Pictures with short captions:
━━━━━━━━━━━━━━━━
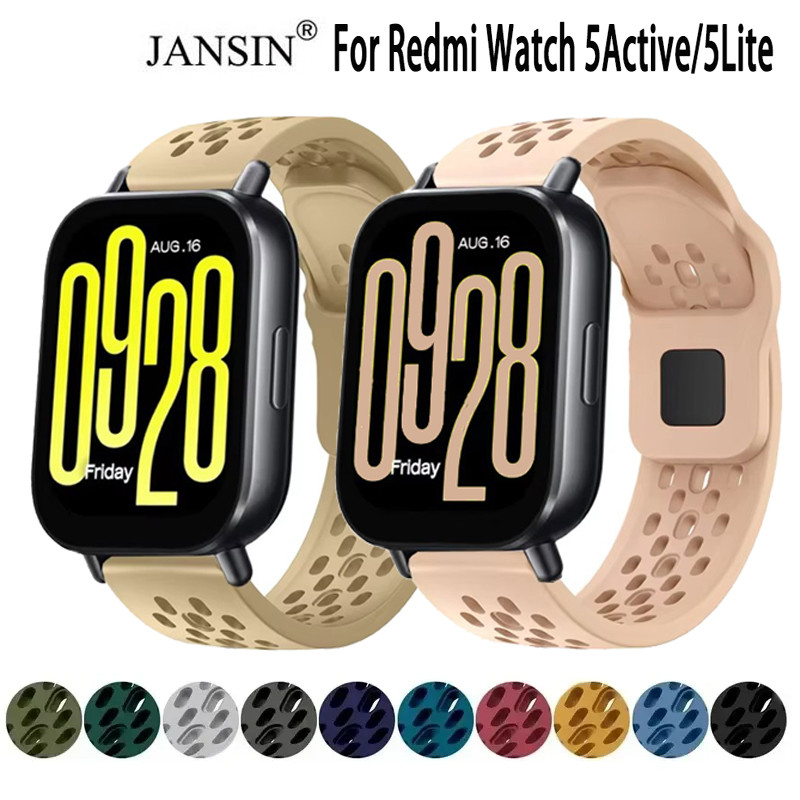 สายรัดซิลิโคนสําหรับ redmi watch 5 Active strap สร้อยข้อมือสมาร์ทวอทช์แบบสปอร์ตสําหรับ redmi watch 5 Lite สายรัดข้อมือ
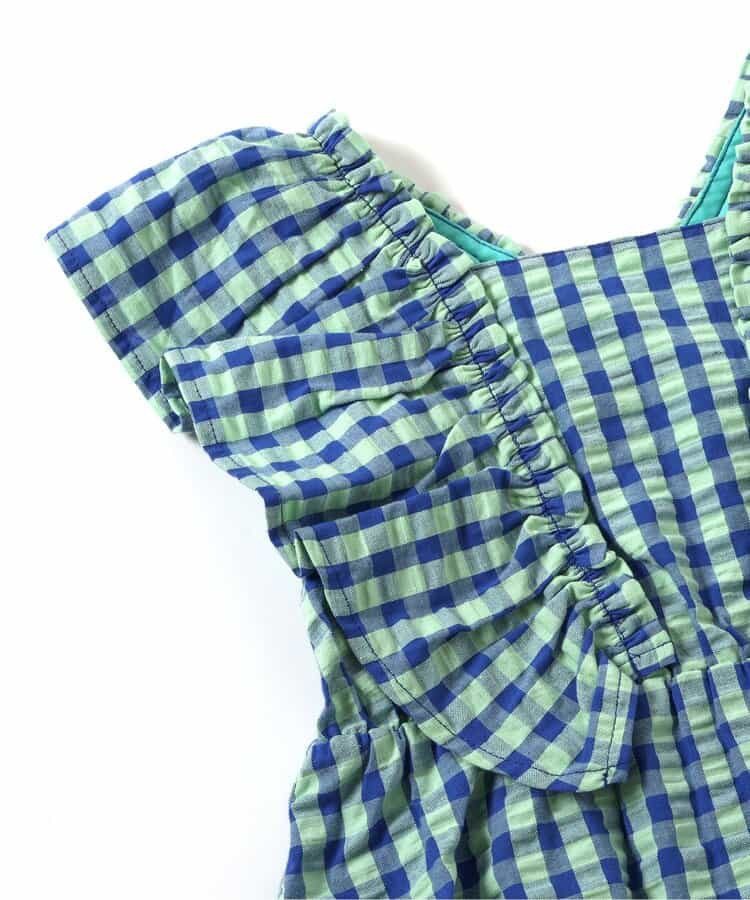 日本童裝 apres les cours 後背荷葉邊上衣 80-140cm 女童款 夏季 TOPS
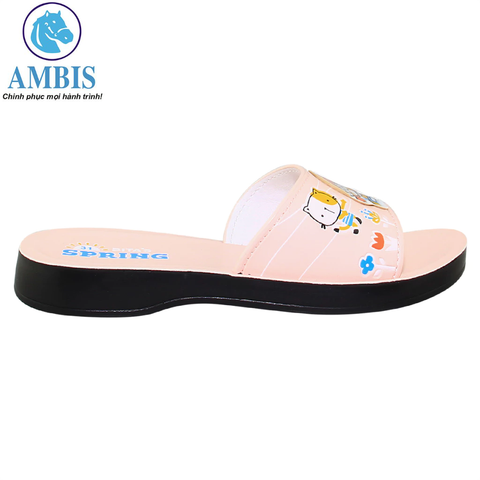  Dép quai ngang bé gái Bita's DEMI.03 (Đỏ + Hồng phấn) 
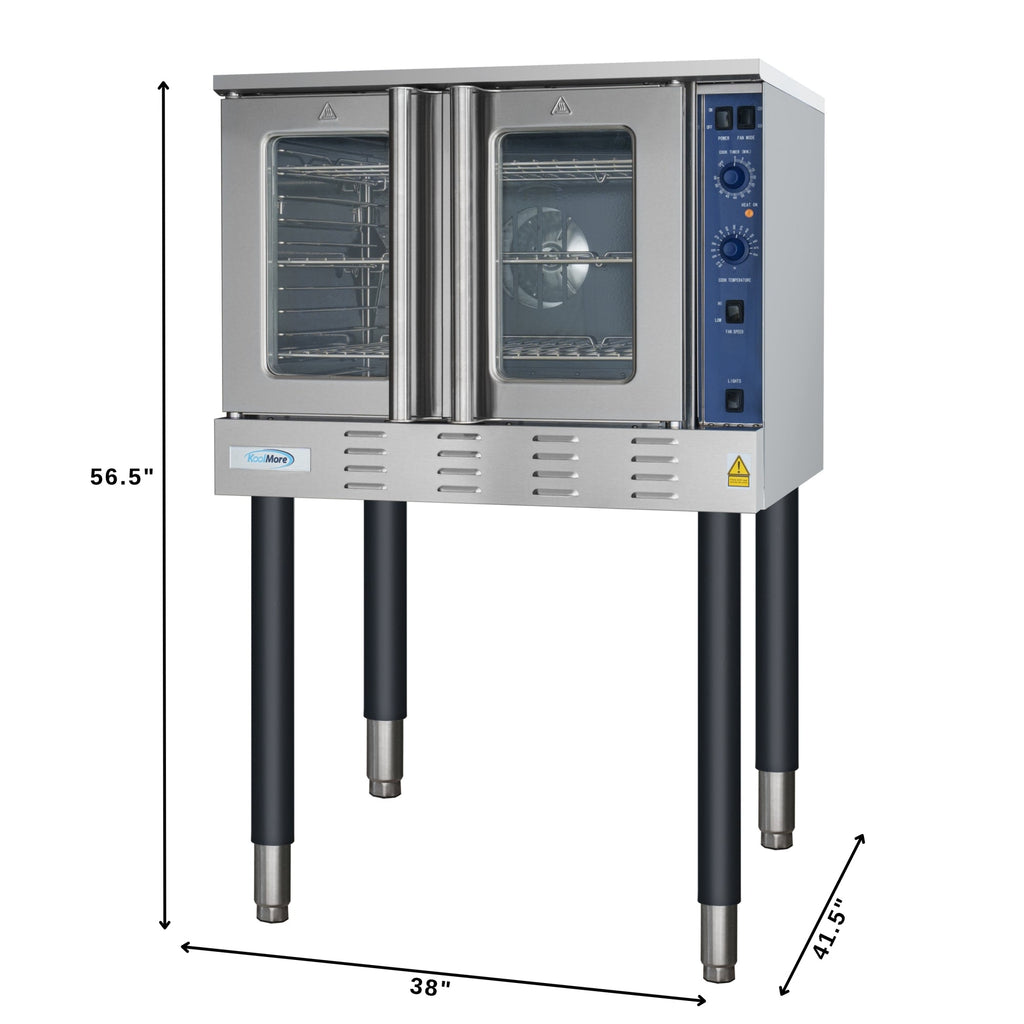 38 in. Full Size Single Deck Commercial LP Convection Oven 54,000 BTU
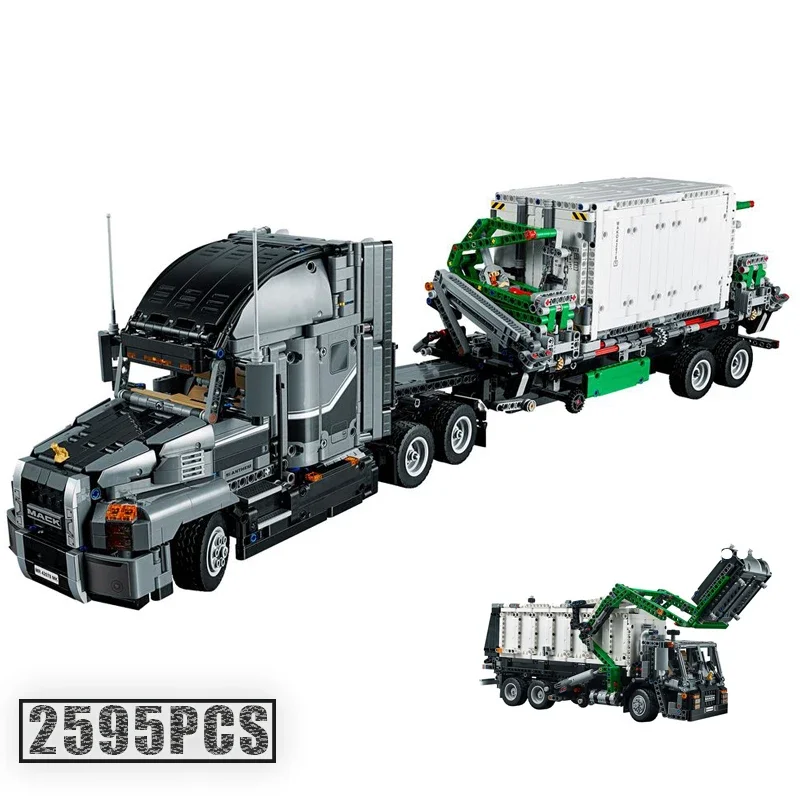 Out of Print MACK Anthem 2695PCS Compatible with 42078model Buiding Kit Block Self-locking Bricks Birthday Christmas Gift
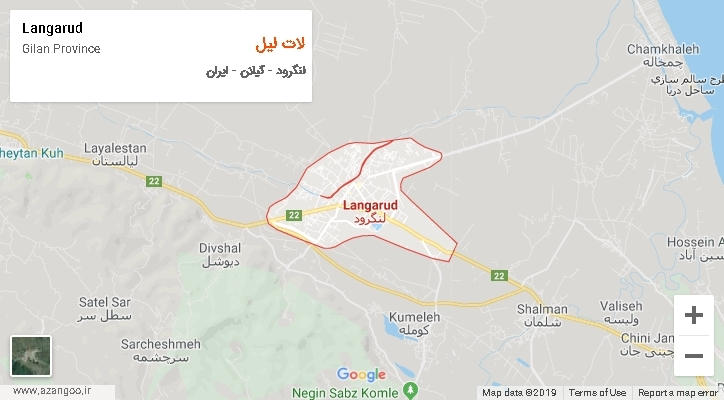 دهستان لات لیل بر روی نقشه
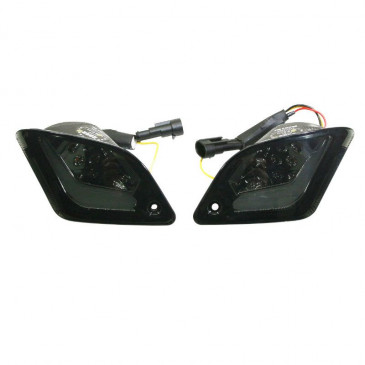 TURN SIGNAL FOR SCOOT PIAGGIO 50 VESPA GTS, 125 GTS REAR SMOKED- ORANGE LEDS (PAIR) -CE APPROVED- -REPLAY-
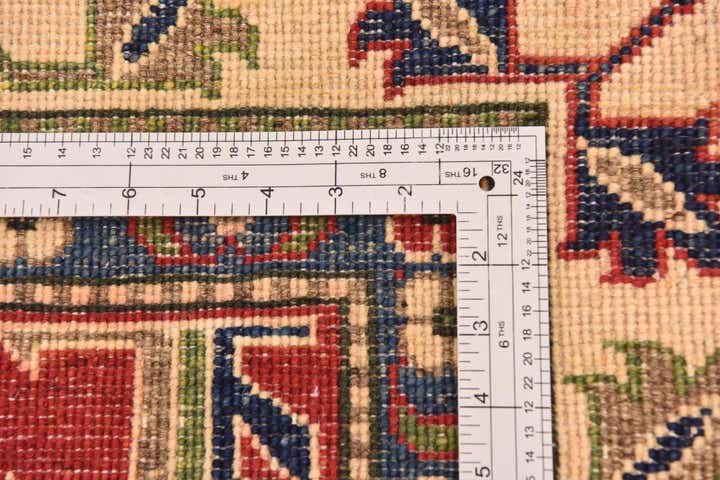 6' 1 x 9' 1 Hand Knotted Kazak Rug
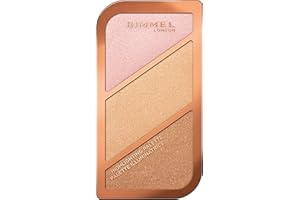 Rimmel London Sculpting Palette, Set Completo Contouring Viso: Illuminante, Terra e Blush, Highlight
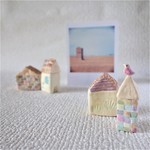 pale tone house<４個セット>sepia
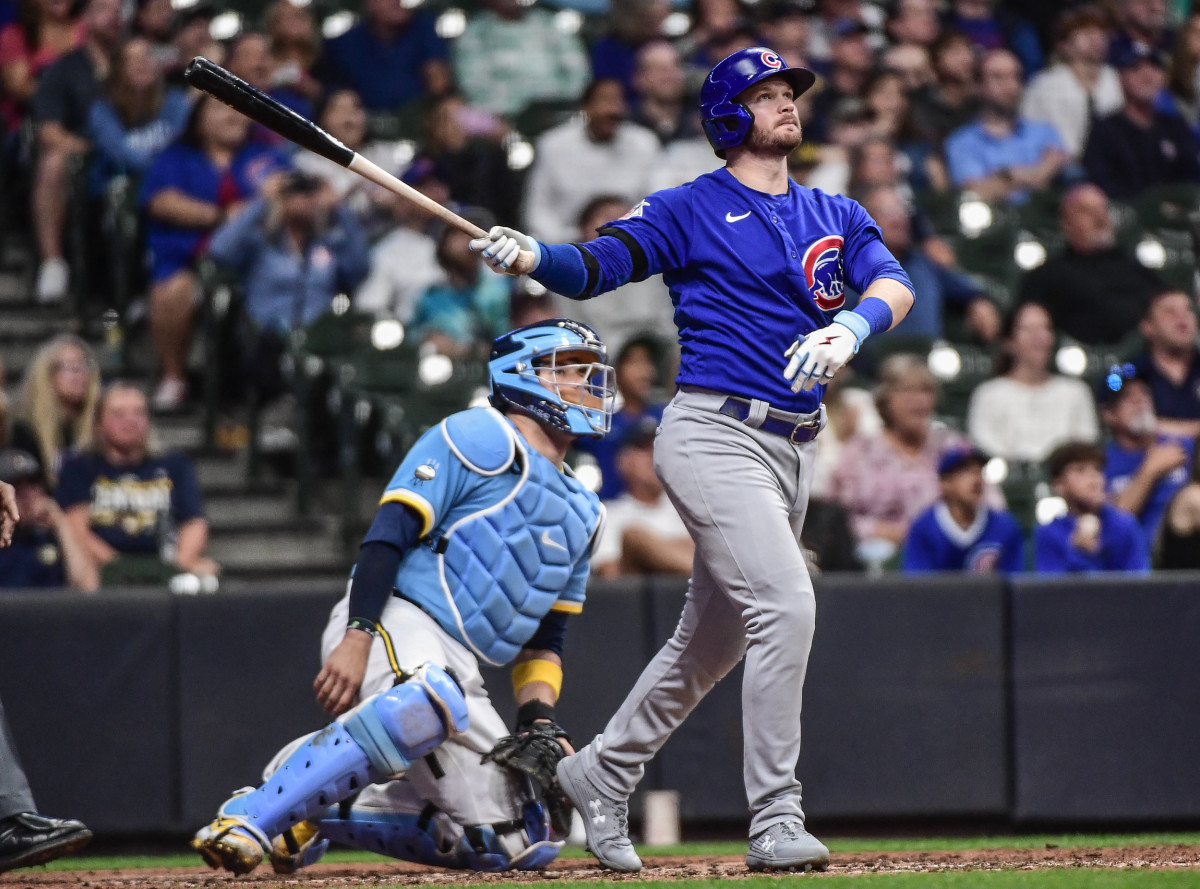 Ian Happ had both Cubs hits Friday, both of which were two-run home runs.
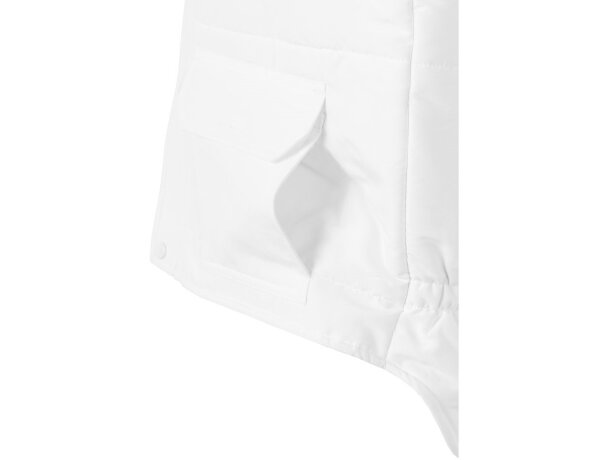 Chaleco acolchado multibolsillos Vl Mefitis poliéster 220 g/m² Blanco detalle 26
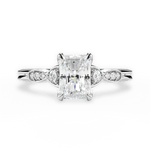 Cassie Radiant Cut Lab Grown Diamond Platinum Engagement Ring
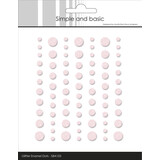 Simple and Basic Glitter Enamel Dots Light Pink (77pcs) (SBA103)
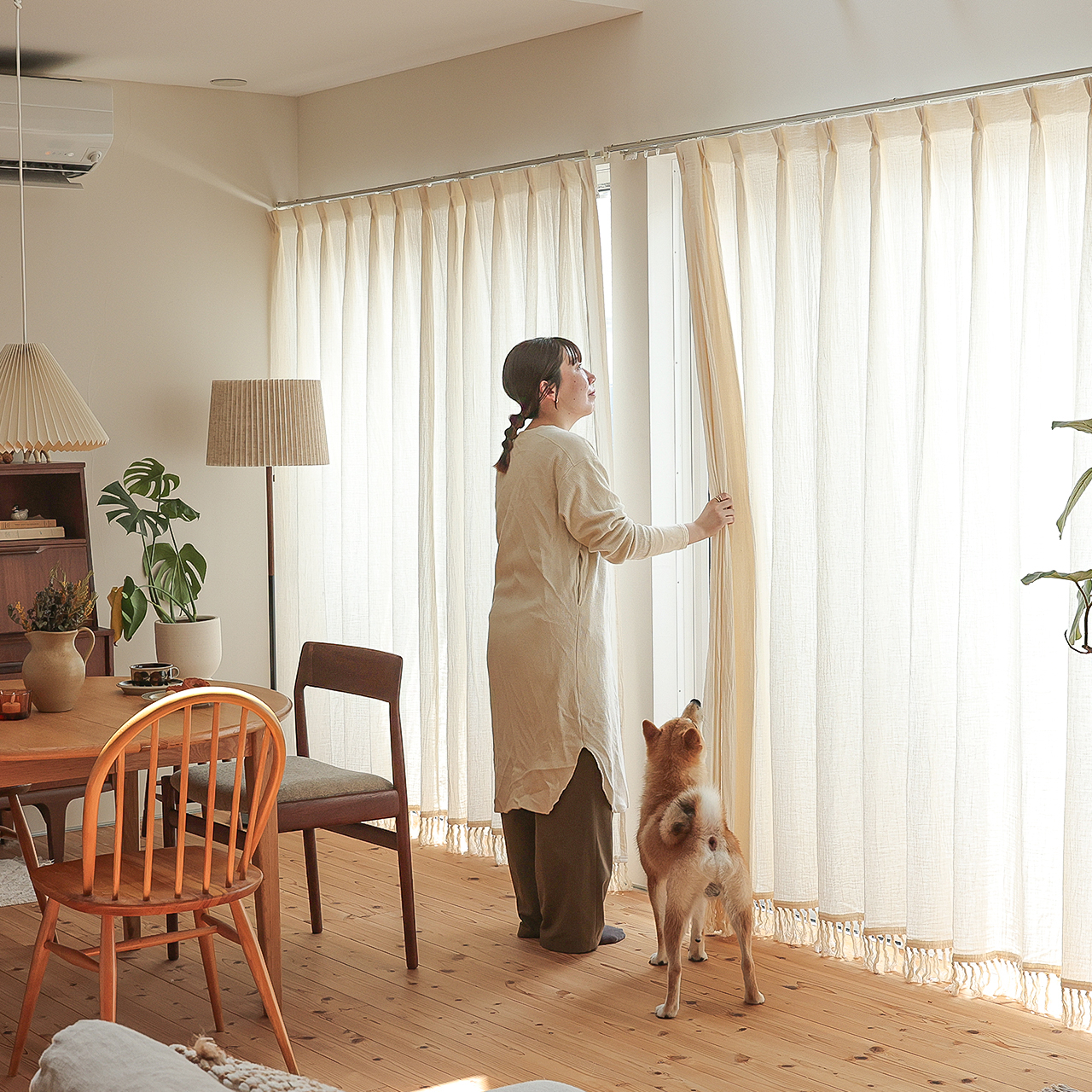 ドレープ-ダブルガーゼカーテン Soa ｜家具・インテリア通販 Re:CENO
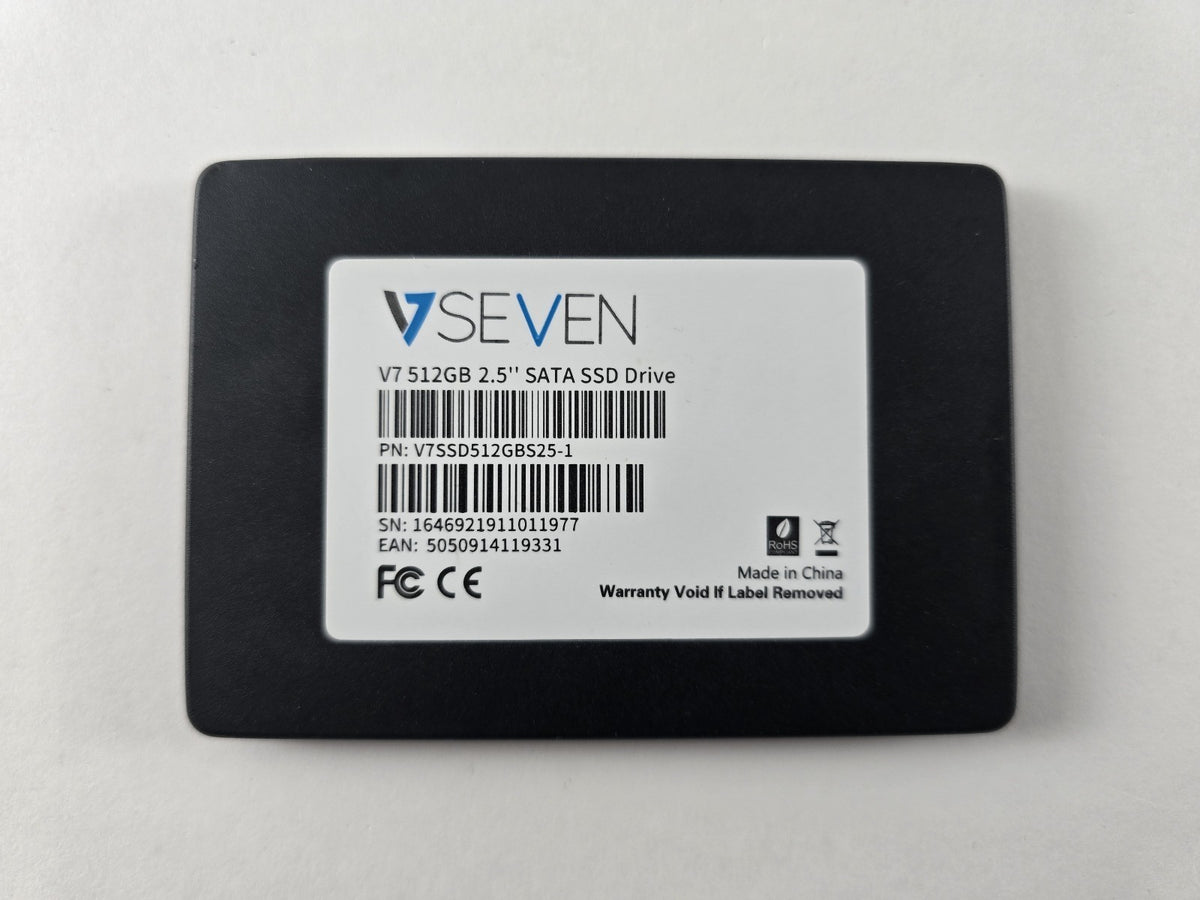 V7 512GB SSD 2,5 Zoll SATA V7SSD512GBS25-1 #HD141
━━━━━━━━━━━━━━━━
Wherever a picture appears in the data, please drop it and retype the rest exactly.

 สายรัดซิลิโคนสําหรับ redmi watch 5 Active strap สร้อยข้อมือสมาร์ทวอทช์แบบสปอร์ตสําหรับ redmi watch 5 Lite สายรัดข้อมือ
 日本童裝 apres les cours 後背荷葉邊上衣 80-140cm 女童款 夏季 TOPS
  Dép quai ngang bé gái Bita's DEMI.03 (Đỏ + Hồng phấn) 
 38 in. Full Size Single Deck Commercial LP Convection Oven 54,000 BTU
 Out of Print MACK Anthem 2695PCS Compatible with 42078model Buiding Kit Block Self-locking Bricks Birthday Christmas Gift
 دهستان لات لیل بر روی نقشه
 TURN SIGNAL FOR SCOOT PIAGGIO 50 VESPA GTS, 125 GTS REAR SMOKED- ORANGE LEDS (PAIR) -CE APPROVED- -REPLAY-
 6' 1 x 9' 1 Hand Knotted Kazak Rug
 Rimmel London Sculpting Palette, Set Completo Contouring Viso: Illuminante, Terra e Blush, Highlight
 pale tone house<４個セット>sepia
 Ian Happ had both Cubs hits Friday, both of which were two-run home runs.
 Chaleco acolchado multibolsillos Vl Mefitis poliéster 220 g/m² Blanco detalle 26
 Cassie Radiant Cut Lab Grown Diamond Platinum Engagement Ring
 Simple and Basic Glitter Enamel Dots Light Pink (77pcs) (SBA103)
 ドレープ-ダブルガーゼカーテン Soa ｜家具・インテリア通販 Re:CENO
 V7 512GB SSD 2,5 Zoll SATA V7SSD512GBS25-1 #HD141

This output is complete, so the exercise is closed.